PROBLEM TO WORK ON
Restate, in full and unchanged, the entries that follow, but not their pictures.
+ + +
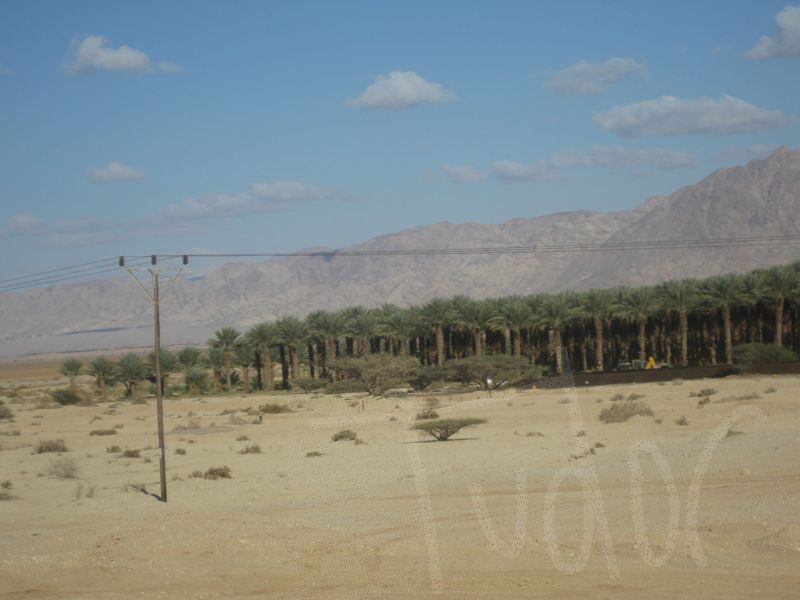 Southern Israel, January 2008 - 14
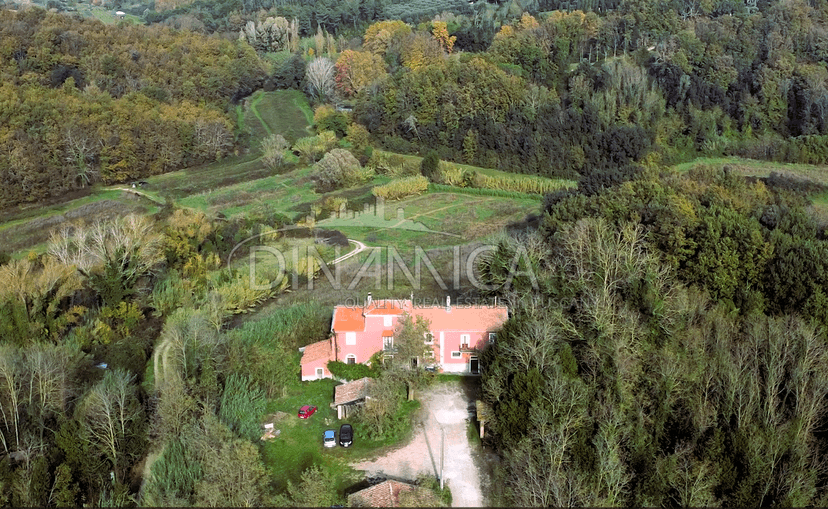 Casa colonica, Fauglia — foto 4 di 5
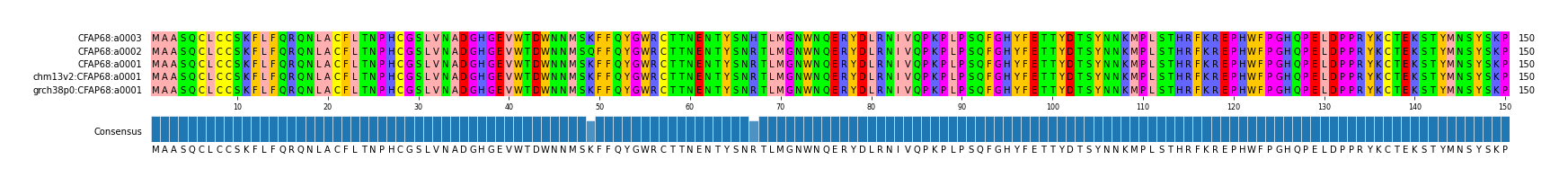 Multiple Alignments (by translate haplotype similarity)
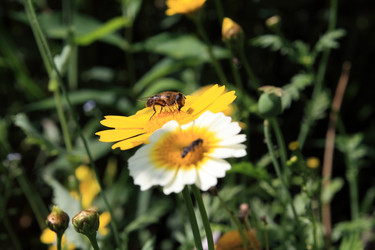 Similar image 885711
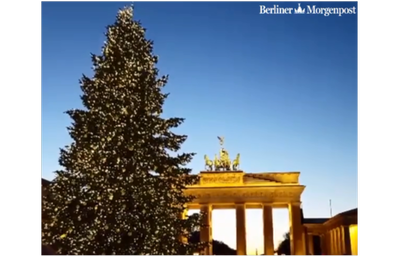 Weihnachtsbaum vorm Brandenburger Tor kommt auch dieses Jahr aus Thüringen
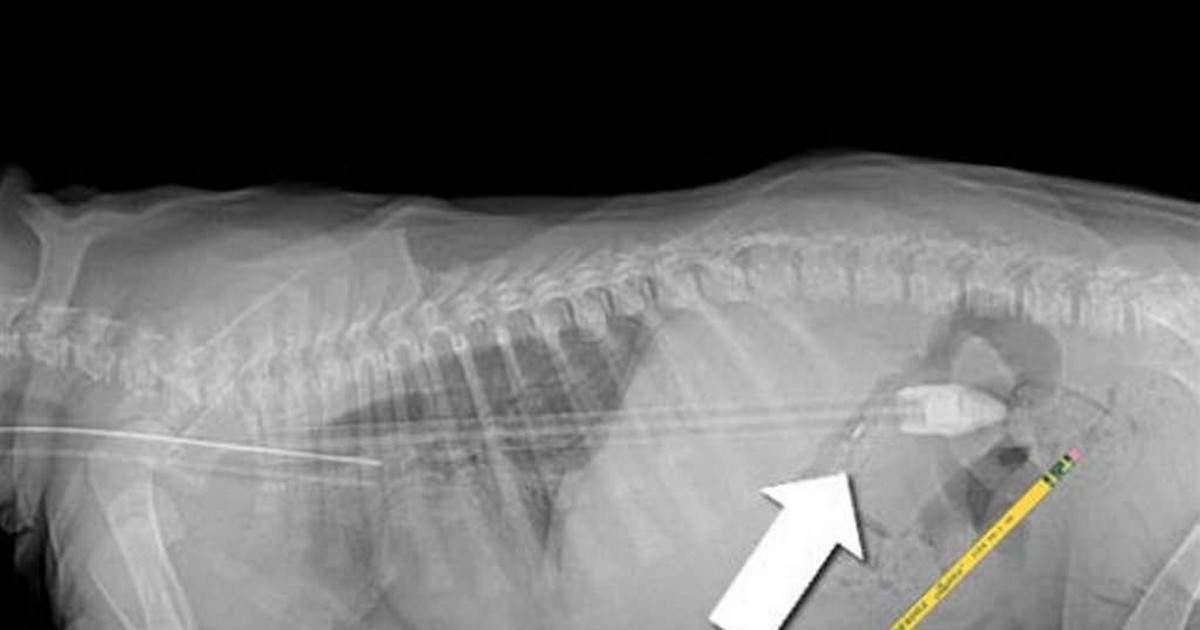 Запор у собаки от костей: симптомы, диагностика, лечение | ваши питомцы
+ + +
ANSWER
 Southern Israel, January 2008 - 14
 Casa colonica, Fauglia — foto 4 di 5
 Multiple Alignments (by translate haplotype similarity)
 Similar image 885711
 Weihnachtsbaum vorm Brandenburger Tor kommt auch dieses Jahr aus Thüringen
 Запор у собаки от костей: симптомы, диагностика, лечение | ваши питомцы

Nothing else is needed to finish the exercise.